Quelles sont les actions entreprises par la Chambre pour s’attaquer à ce défi?
Clémence : Je peux prendre l’exemple de Mentorat inc. C’est un programme qui joue sur plusieurs plans pour changer la dynamique et le rapport de force. Pendant deux mois, on accompagne un mentor et un mentoré au moyen de formations et d’un suivi personnalisé. Ce qu’on vise, c’est le développement de compétences des deux côtés, une culture d’aide réciproque. Petit à petit, on est convaincus que ce programme œuvre à la diffusion d’une mentalité plus inclusive dans les entreprises.
Aujourd’hui, ce qu’on montre aux entreprises, c’est qu’elles ont besoin d’adopter ces logiques. Un salarié sur deux pense quitter son emploi au Québec, 40 % des salariés veulent partir avant la fin de leur période d’essai. C’est beaucoup de temps et d’argent perdus pour les employeurs. Pour inverser ces tendances, il faut moderniser les façons de faire, travailler sur la valorisation interne, utiliser les outils à la disposition et promouvoir l’inclusion. Ça se répercute directement le bien-être et ça crée un cercle vertueux de maintien en emploi et de création de valeur.

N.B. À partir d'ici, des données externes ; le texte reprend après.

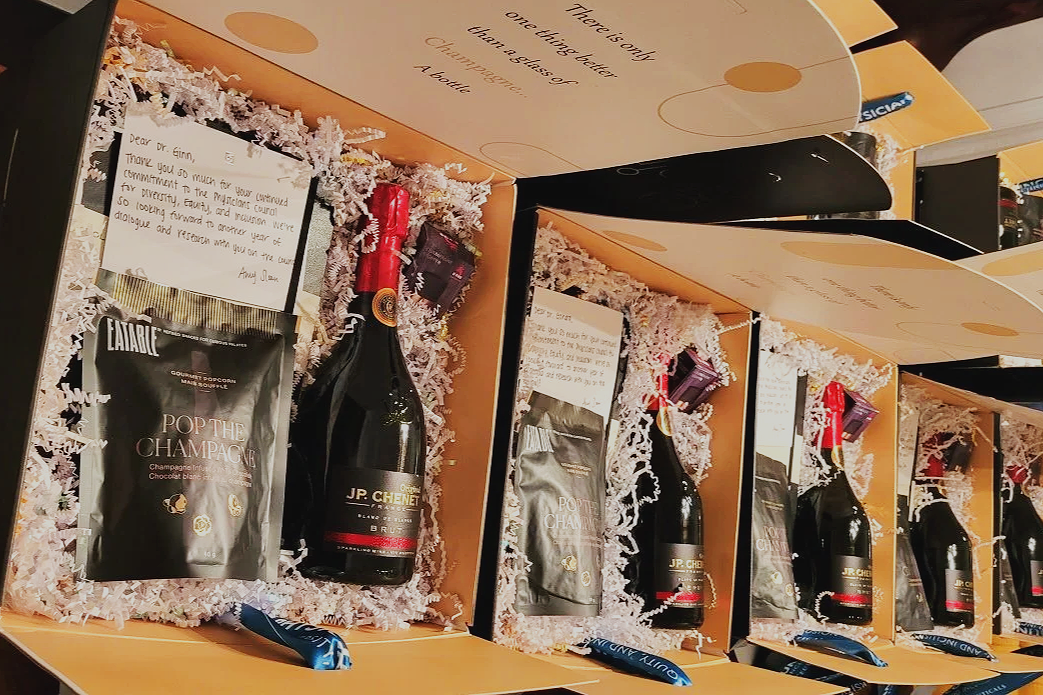 Gift boxes containing a bottle of JP Chene champagne, a bag of popcorn labeled 'Pop the Champagne,' a small chocolate bar, and a card with a thank you note.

Pour finir, quels conseils donneriez-vous aux employeurs et aux gestionnaires pour favoriser un climat plus inclusif, éthique et diversifié?
Clémence : Tout d’abord, il faut revoir les offres d’emploi en mettant l’accent sur une communication inclusive, tant à l’interne qu’à l’externe. Ensuite, j’insisterais sur la sensibilisation et la formation des gestionnaires et des employés. Commencer avec un bilan pour voir où on se situe, et ensuite être capable de faire émerger des solutions qui sortent des sentiers battus. Il faut que les gens découvrent des réalités qui ne sont pas nécessairement les leurs.
Élise : De manière générale, on favorise des approches au cas par cas. Une démarche inclusive, c’est une démarche respectueuse de l’individu. Chaque employeur, chaque gestionnaire, chaque employé a sa propre expérience et sa propre réalité qu’il convient de prendre en compte. C’est en considérant les spécificités de chacun qu’on peut faire de vrais progrès à l’échelle d’une organisation, quelle que soit sa taille.